For his guest list Fogerty chose “people whose records I buy ... and they tend to be people who also play and are songwriters as well as great singers.”

He also made a determination, early on, that he was going to be present at each session, no matter what logistical difficulties that presented.

“This wasn’t going to be done by mail or technology,” he says. “I was going to be there the old-fashioned way ... Oh, there have been a few deadlines for this record that I’ve blown right through, but I had the time to get it right, to go back if I had to and say, ‘This isn’t how it should be,’ and get everybody back in the studio and finally wrassle that thing to the ground and make it the way I wanted it to be.”

This approach yielded surprises and revelations throughout the yearlong process. My Morning Jacket’s vibey, ambient take on “Long As I Can See the Light” “sounds like outer space to me,” Fogerty says, while the rendition of “Proud Mary” by Jennifer Hudson and Allen Toussaint and the Rebirth Brass Band bristles with a joyful New Orleans second-line spirit.Fogerty was at Blackbird Studios in Nashville with Seger, working up an arrangement for “Who’ll Stop the Rain,” when something the Detroit rocker did caught his ear.

“I’d gone back to work being a producer, trying to get the drum sound or something,” Fogerty recalls, “and Bob’s over in the corner by himself with his guitar, singing, ‘Long as I remember ... ,’ and I go, ‘Whoa!’ Just that voice of his, I said, ‘We’ve got to have that on the record!’

“I had to do a little bit of salesmanship to sell Bob on the idea that just him and his guitar was a good idea,” he adds. “We all have insecurities, you know? He was like, ‘Gee, do you think that will hold up?’ ‘Yeah, Bob, it’s going to hold up. Don’t worry about it.’”

Fogerty was disarmed by Paisley’s suggestion to make “Hot Rod Heart” a guitar song, and he still professes wonder at Keith Urban’s approach to the banjo on “Almost Saturday Night.”

“He’s a monster of a musician,” Fogerty marvels. “He’s got immense depth and taste, just totally his own thing.”

The only album guest with whom Fogerty didn’t work face to face was Kid Rock, whose unique collaboration on “Born on the Bayou” was debuted during CBS’ Super Bowl broadcast on Feb. 3.

“One day the track just shows up with a message from Kid Rock, ‘It’s all done, John,’” Fogerty recalls. “And, you know, he lives with a couple personalities under the same hat, and one of those personalities likes sampling and all that kind of stuff, which I do too, to a degree. He made it really edgy and he sang great, and I’m sure it fit the attitude of who he is.
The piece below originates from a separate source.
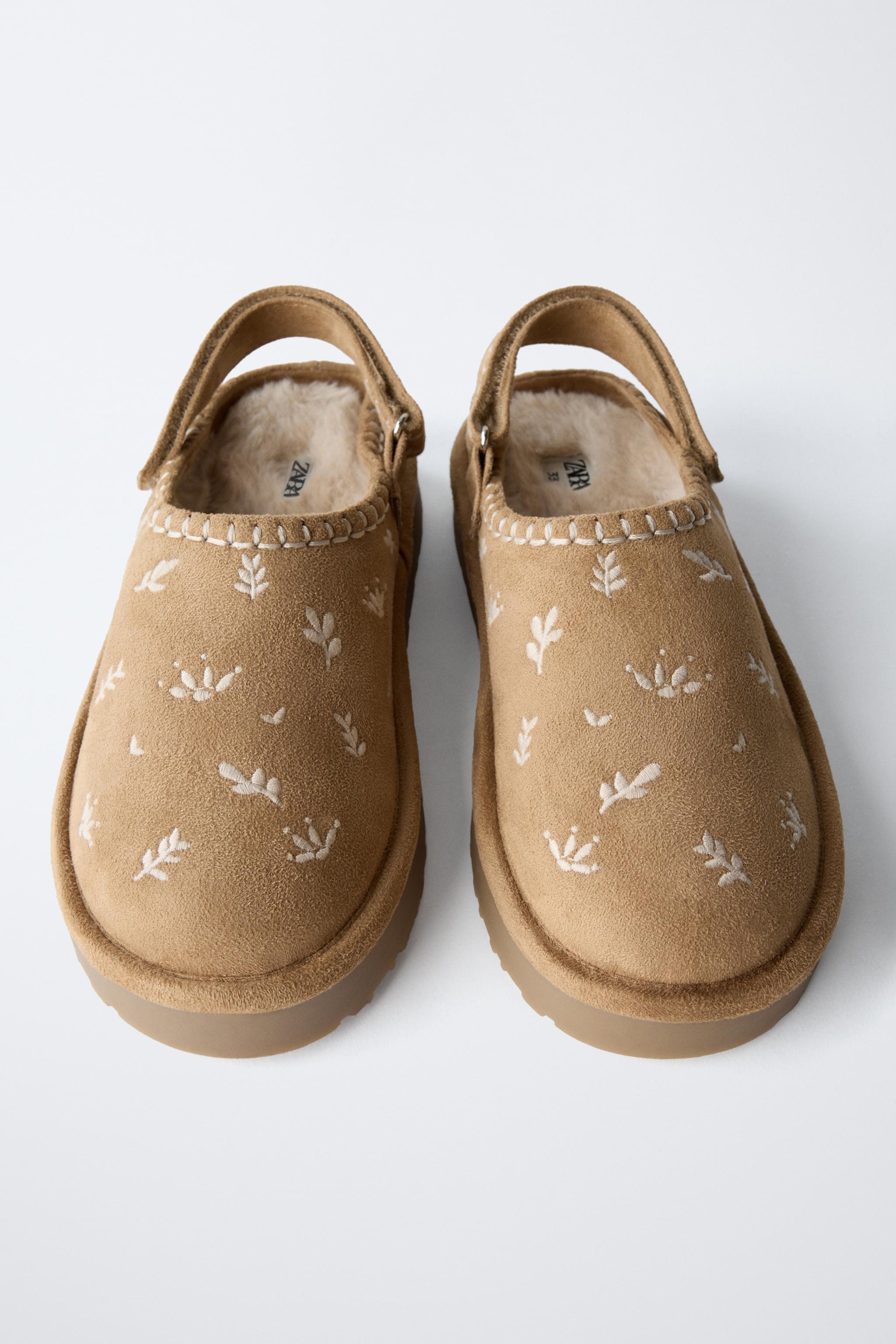 EMBROIDERED FAUX FUR CLOGS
But I thought it would be really cool to take it back to the swamp.

“So I got out my old Rickenbacker [guitar] and found a good old amp that’s got the same sort of vibrato on it that the old record had,” he says, “and then I had Kenny Aronoff play live drums to mix with the [loops], so you go on a journey that’s touching on some familiar and some new territory, which is exactly what I wanted.”

With “Wrote a Song for Everyone” wrapped, Fogerty is turning his attention to another project steeped in his past, an autobiography he plans to publish in 2014, though the project is still in its formative stages. He promises that it will be forthright and revealing, and certainly will treat the dark days during and after the breakup of Creedence Clearwater Revival — but he hastens to add that it won’t involve any mudslinging.
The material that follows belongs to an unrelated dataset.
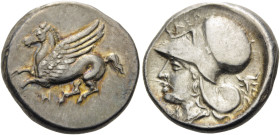 AKARNANIA, Anaktorion. Circa 350-300 BC. Stater (Silver, 22mm, 8.57 g 1), Kleo.... Pegasos flying left with Anaktorion monogram below. Rev. ΚΛΕΟ Head ...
“This is not going to be that sort of tawdry, supermarket kind of thing,” he says. “I’m not looking for the big reveal or to get a lot of stuff off my chest or anything like that.

“I’ve had a remarkable life in music,” Fogerty says. “I started as a child who knew his field of joy almost from the time he could move, and that was music. And everybody noticed, everyone around me noticed: ‘Wow, he’s musical. Look, he’s dancing,’ and I was still in diapers. Since then it’s been a journey, and I just want to tell that story ... of the original joy of a child discovering music and being just ...

“If I can ever convey how that feels, I think it’s something worth talking about.”